Your goal ->
Your answer must hold only the lines below from the line containing "Pizza Possum preview" through the line containing "Halaman 19 dari Manager Kim Chapter 154", each reproduced exactly.

[Source data]
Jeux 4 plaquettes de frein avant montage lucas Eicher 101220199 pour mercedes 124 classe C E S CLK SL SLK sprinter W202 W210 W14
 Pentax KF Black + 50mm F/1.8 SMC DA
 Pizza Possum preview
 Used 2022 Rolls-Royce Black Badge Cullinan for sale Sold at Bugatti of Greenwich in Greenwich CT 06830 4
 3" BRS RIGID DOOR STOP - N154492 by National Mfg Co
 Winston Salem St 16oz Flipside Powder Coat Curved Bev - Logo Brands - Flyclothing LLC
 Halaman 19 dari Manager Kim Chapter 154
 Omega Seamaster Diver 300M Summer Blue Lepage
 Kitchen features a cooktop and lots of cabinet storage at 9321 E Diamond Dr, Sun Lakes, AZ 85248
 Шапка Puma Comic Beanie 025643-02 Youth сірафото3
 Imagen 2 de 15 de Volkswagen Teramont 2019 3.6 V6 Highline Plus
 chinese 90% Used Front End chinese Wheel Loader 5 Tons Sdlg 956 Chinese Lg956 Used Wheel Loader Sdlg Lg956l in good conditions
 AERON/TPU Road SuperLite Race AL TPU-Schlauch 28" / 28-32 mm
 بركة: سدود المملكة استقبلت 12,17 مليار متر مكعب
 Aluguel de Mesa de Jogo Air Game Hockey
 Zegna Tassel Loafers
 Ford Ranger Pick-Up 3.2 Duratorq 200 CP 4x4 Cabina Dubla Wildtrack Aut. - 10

Answer to this problem ->
 Pizza Possum preview
 Used 2022 Rolls-Royce Black Badge Cullinan for sale Sold at Bugatti of Greenwich in Greenwich CT 06830 4
 3" BRS RIGID DOOR STOP - N154492 by National Mfg Co
 Winston Salem St 16oz Flipside Powder Coat Curved Bev - Logo Brands - Flyclothing LLC
 Halaman 19 dari Manager Kim Chapter 154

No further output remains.